BROOKLYN CELEBRATES THE 2020 ELECTION OUTCOME
As the 2020 Election was placed in a state of limbo late last week, with several states yet to officially announce Joe Biden’s win, I like many remained glued to the television screen in Brooklyn, anticipating the precise moment Arizona or Pennsylvania, Nevada or Georgia (or any combination of the two) would put the former Vice President over the top.
At some point, after flipping relentlessly between cable and network news, watching mock-ups of our map and those consequential states alternate blue and red, this dizzying ombre and the ad nauseam coverage, compelled my beleaguered wife to demand we get out—to get away, to escape the torpor setting in on the sofa as Steve Kornacki and John King simply repeated themselves over and over.
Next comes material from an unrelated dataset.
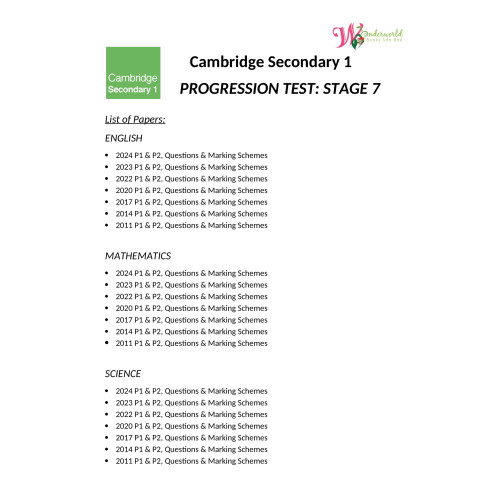 Lower Secondary Progression Test | Stage 7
No matter how often they enlarged Arizona, my wife lamented, Biden’s path to victory was now pretty much certain.
At this point, late last Friday, the unseasonably warm weather was telegraphing a favorable forecast. As the world waited for that inevitable tipping point, my wife and I soon found ourselves wading through an expectant Brooklyn. Diverse bastions within my little pocket of Bohemia were noticeably cheerful. The 70 degree weather betrayed that we were on the verge of a new dawn, a new season, Trump’s impending fall and the spring-like temperature producing a flood of activity up and down every block we traversed.
Bedford and Franklin, Flatbush and Washington, the avenues which comprised Brooklyn’s spinal column were buzzing with an almost palpable excitement. My wife soon posited, “Can you sense it?” Though my mask obscured my eager grin, I nodded vigorously because, yes indeed, the renewed vitality was unmissable. We both felt it. A pall was beginning to lift.
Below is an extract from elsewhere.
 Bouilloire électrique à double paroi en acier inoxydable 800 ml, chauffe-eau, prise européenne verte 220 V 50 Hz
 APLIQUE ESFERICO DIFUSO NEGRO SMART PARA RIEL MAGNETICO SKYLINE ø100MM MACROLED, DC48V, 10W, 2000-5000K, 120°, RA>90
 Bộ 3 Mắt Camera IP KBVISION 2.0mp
Our footslog proved to be a fitting dress rehearsal for the next morning as news outlets certified Biden’s now insurmountable lead in Pennsylvania—this leading to the historic instant he eclipsed 270 Electoral votes to become President-Elect Biden. No sooner had the words passed Wolf Blitzer’s lips than we vaulted onto the streets! With Coronavirus raging for the past year, Trump raging for the past four, us having succumbed spiritually, literally, we knew we couldn’t miss the moment America was finally resuscitated—the moment we came back from the dead.
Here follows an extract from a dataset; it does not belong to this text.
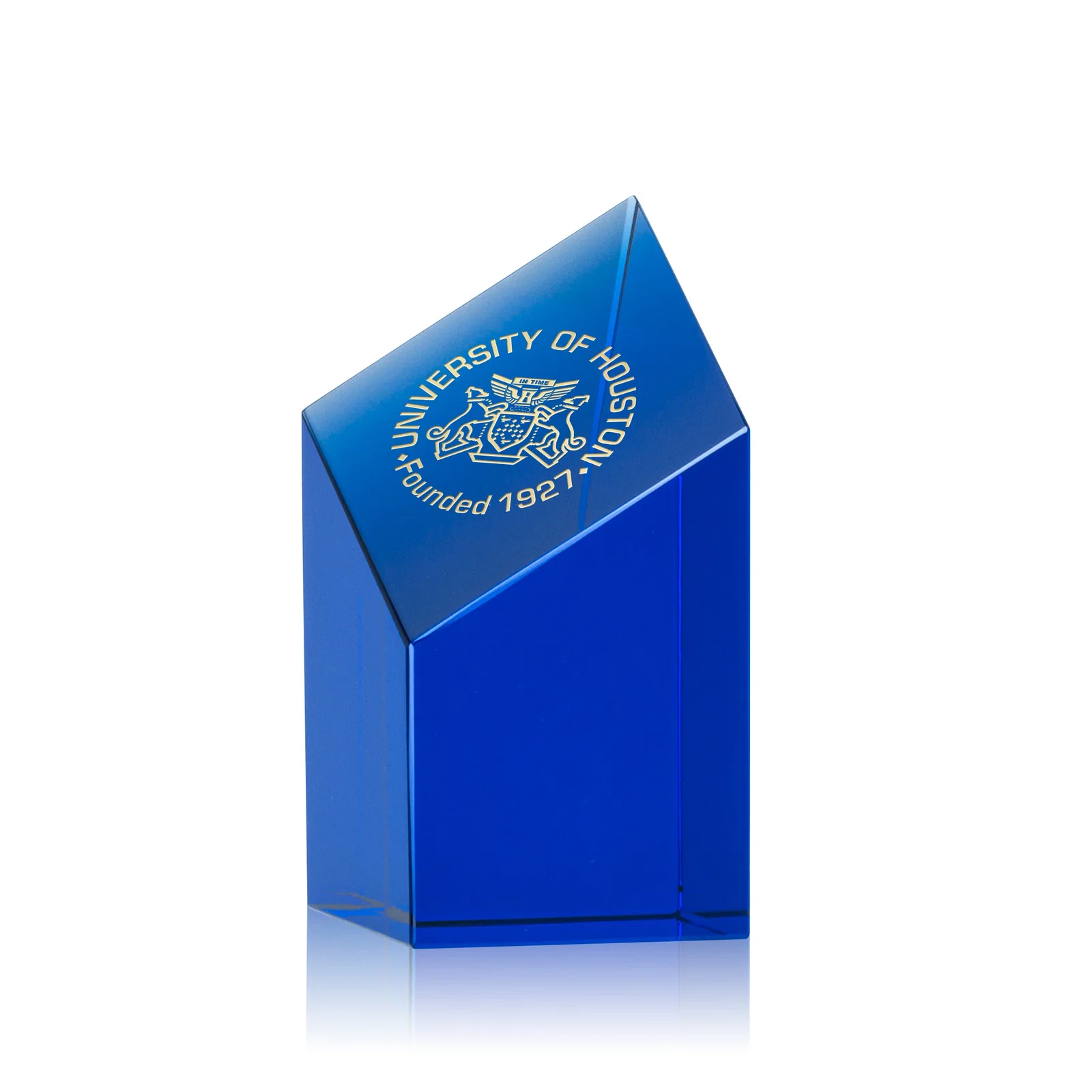 Custom Optical Crystal Tower Award with a Slanted Diamond Top for safety achievement programs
We exited our building to the sonorous thunder of car horns. Where irritation was normally the impetus behind such an action, today, literally every other car was honking for joy. We bounded across Brooklyn Avenue, passing a Black father and son perched in front of their Brownstone—he making sure the young man bore witness. “We did it!” I rejoiced. He matched my fervor with a raised fist and a howl. The streets were electrified. As my wife and I charged up the block clapping, we were greeted with smiles and fist pumps, hoots and hollers. We passed a West Indian woman who hadn’t yet heard. “Wait” she asked. “Biden win?” ‘YES!’ we shouted in unison. Clearly music to her ears we watched as the woman proceeded to do a 360, literally jumping, caterwauling, with joy.
The spontaneous celebration, the unbridled exuberance carried us all the way to the Brooklyn Museum where throngs had begun to congregate. Several people had procured pots and pans from their cupboards and were banging them appropriately; this makeshift marching band contributing to the concert-like atmosphere. People exited their cars and stood atop them. It being Brooklyn, the boom-boxes and portable speakers soon made their appearance as Black and White, young and old, the thrilled and enraptured, those whose tension and disaffection had built to a crescendo, exploded in a seismic, stupendous and momentous celebration. It truly, one of the most indelible moments I have ever witnessed.
We did it Brooklyn… we did it America!